After implementing your models, evaluate them here.

**What to do:**
1. Train each model on training data
2. Evaluate on test data using provided functions
3. Plot confusion matrices
4. Compare results across tasks

**Task-specific checks:**
- Task 2: Verify accuracy ≥ 60%
- Task 3: Confirm no neural networks used

In [None]:
from sklearn.model_selection import GridSearchCV

print("="*80)
print("DEFINING HYPERPARAMETER GRIDS")
print("="*80)

# Parameter Grid for Logistic Regression
logreg_param_grid = {
    'lr': [0.01, 0.05, 0.1],
    'epochs': [1000, 1500],
    'reg_lambda': [0.001, 0.01, 0.1]
}

# Parameter Grid for Decision Tree
tree_param_grid = {
    'max_depth': [10, 15, 20, None],
    'min_samples_leaf': [1, 2, 4]
}

# Parameter Grid for Random Forest (reduced for quicker execution, can be expanded)
rf_param_grid = {
    'n_estimators': [20, 30, 40],
    'max_depth': [20, None],
    'min_samples_leaf': [1, 2, 4]
}

print("Parameter grids defined for Logistic Regression, Decision Tree, and Random Forest.")

In [None]:
print("="*80)
print("EXECUTING GRID SEARCH FOR HYPERPARAMETER TUNING")
print("="*80)

# --- Logistic Regression GridSearchCV ---
print("\n1. Running GridSearchCV for Logistic Regression...")
logreg_grid_search = GridSearchCV(
    estimator=LogisticRegressionScratch(class_weight='balanced', random_state=RANDOM_SEED),
    param_grid=logreg_param_grid,
    scoring='f1',
    cv=3, # Using 3-fold cross-validation for speed
    n_jobs=-1, # Use all available cores
    verbose=1
)
logreg_grid_search.fit(X_train_fe, y_train)

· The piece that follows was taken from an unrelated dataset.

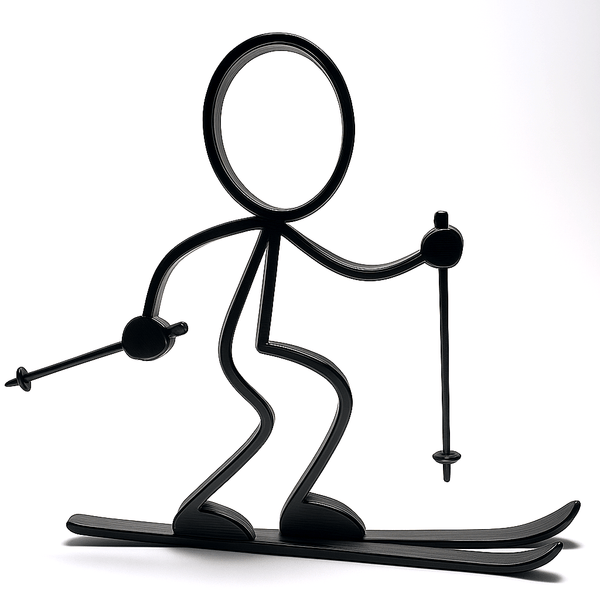 Stickyman Skiër - 3dbende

print("   Best parameters for Logistic Regression:", logreg_grid_search.best_params_)
print("   Best F1 score for Logistic Regression:", logreg_grid_search.best_score_)

# --- Decision Tree GridSearchCV ---
print("\n2. Running GridSearchCV for Decision Tree...")
tree_grid_search = GridSearchCV(
    estimator=DecisionTreeClassifierScratch(class_weight='balanced', random_state=RANDOM_SEED),
    param_grid=tree_param_grid,
    scoring='f1',
    cv=3,
    n_jobs=-1,
    verbose=1
)
tree_grid_search.fit(X_train_fe, y_train)

print("   Best parameters for Decision Tree:", tree_grid_search.best_params_)
print("   Best F1 score for Decision Tree:", tree_grid_search.best_score_)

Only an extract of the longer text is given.